Task item: For the entries below, copy exactly the line that contains "OBJECTIVE 3: Build" through the line that contains "Страница 327", both ends included, and exclude all pictures.
** Provided records follows **
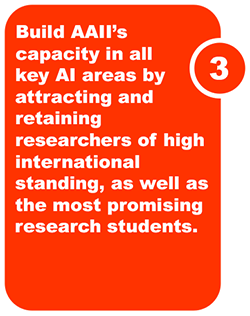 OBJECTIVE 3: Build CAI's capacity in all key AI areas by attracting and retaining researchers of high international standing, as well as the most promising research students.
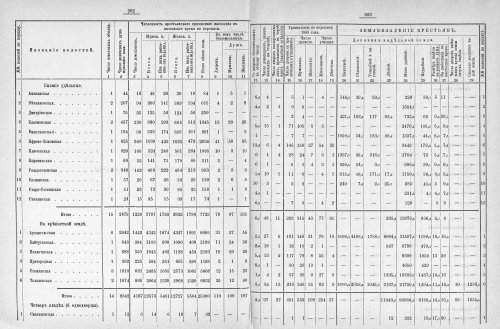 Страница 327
** End of Provided records **
** Provided records follows **
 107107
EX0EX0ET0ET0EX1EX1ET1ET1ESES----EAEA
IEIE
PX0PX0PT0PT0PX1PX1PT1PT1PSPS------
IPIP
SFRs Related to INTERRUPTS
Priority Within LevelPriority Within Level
** End of Provided records **
Task response:
 OBJECTIVE 3: Build CAI's capacity in all key AI areas by attracting and retaining researchers of high international standing, as well as the most promising research students.
 Страница 327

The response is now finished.